Marantz 2220B is a service-friendly receiver because of excellent access to each PCB.

FM Tuner Section Troubleshooting

Initial evaluation of this unit revealed that in addition to the common problems found in almost all vintage gears such as scratchy/noisy controls, burned bulbs, intermittent sound, etc., this unit also has issues with FM stereo reception. Despite a strong signal from the local stations, the stereo indicator lamp doesn't light up. I checked the sound with my headphones but didn't notice the stereo separation either. Also, pressing the FM Muting switch would mute the sound completely, even when tuned to a station with a strong signal.

The first thing I did was check the stereo indicator lamp. The stereo lamp lights up when the Phono, Tape, or Aux input is selected. However, it turns off when switching to FM input.

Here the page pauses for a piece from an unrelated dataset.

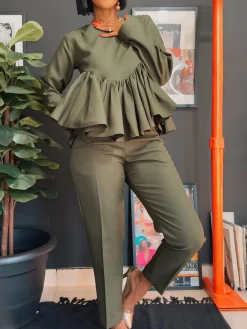 Casual Plain Straight Pants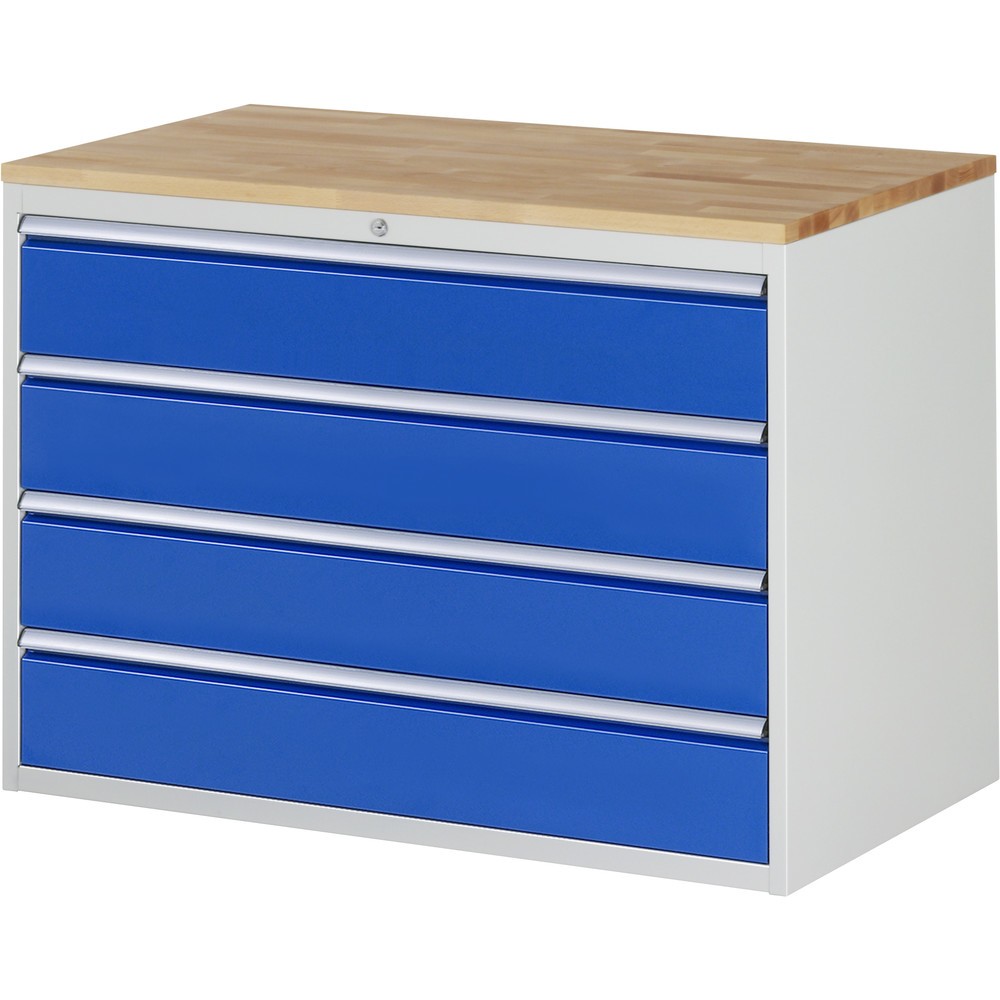 Product afbeelding: RAU ladekast serie 7000, h x b x d 825 x 1.145 x 650 mm, met 4 lades maat XXL, beuken blad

This means that the lamp has not burned out.

The second step was to test the stereo MPX decoding circuit. I connected a frequency counter to the R312 test point and checked for the 19kHz VCO output. It was slightly off at ~18.8kHz and I adjusted it exactly to 19.0kHz with the trimmer R304. It didn't change anything. The sound was clear and loud, but still only in mono.

The next logical step was to check the FM Front End tuner alignment. A quick test at 87 MHz and 109 MHz revealed no problems. 

I then cleaned up all the controls, paying particular attention to the FM Muting switch, and moved on to the FM IF amplifier board. I checked all voltage distributions on this board and compared them with those shown in the circuit diagram. At no signal condition, the measured voltage on each transistor was very close to that shown in the circuit diagram. However, when I applied a stereo signal, the measured voltage across the three transistors (H207, H208, and H209) did not match what was shown in the circuit diagram (see below).

Voltage distributions at no signal condition (ref. voltage from the schematic are in brackets):

H201: B - 3.3V (3.4V); C - 7.5V (7.7V); E - 2.6V (2.8V)

H202: B - 3.3V (3.5V); C - 7.7V (8.5V); E - 2.7V (2.8V)

H203: B - 3.0V (3.0V); C - 9.1V (9.4V); E - 2.4V (2.4V)

H204: B - 3.2V (3.3V); C - 9.6V (10.1V); E - 2.5V (2.7V)

H205: B - 2.4V (3.3V); C - 13.3V (13.6V); E - 2.0V (2.8V)

H206: B - 3.5V (3.7V); C - 12.2V (13.2V); E - 2.8V (3.0V)

H207: B - 0V (0.04V); C - 13.9V (14.3V); E - 0.05V (0.06V)

H208: B - 0.05V (N/A); C - 0.18V (0.27V); E - 0V (0V)

H209: B - 0V (0.02V); C - 7.3V (7.4V); E - 0V (0V)

Voltage distributions when the stereo signal is applied:

H201: the same as at no signal condition

H202: the same as at no signal condition

H203: the same as at no signal condition

H204: the same as at no signal condition

H205: the same as at no signal condition

H206: the same as at no signal condition

H207: B - 0.07V (1.77V); C - 13.9V (14.3V); E - 0.08V (1.18V)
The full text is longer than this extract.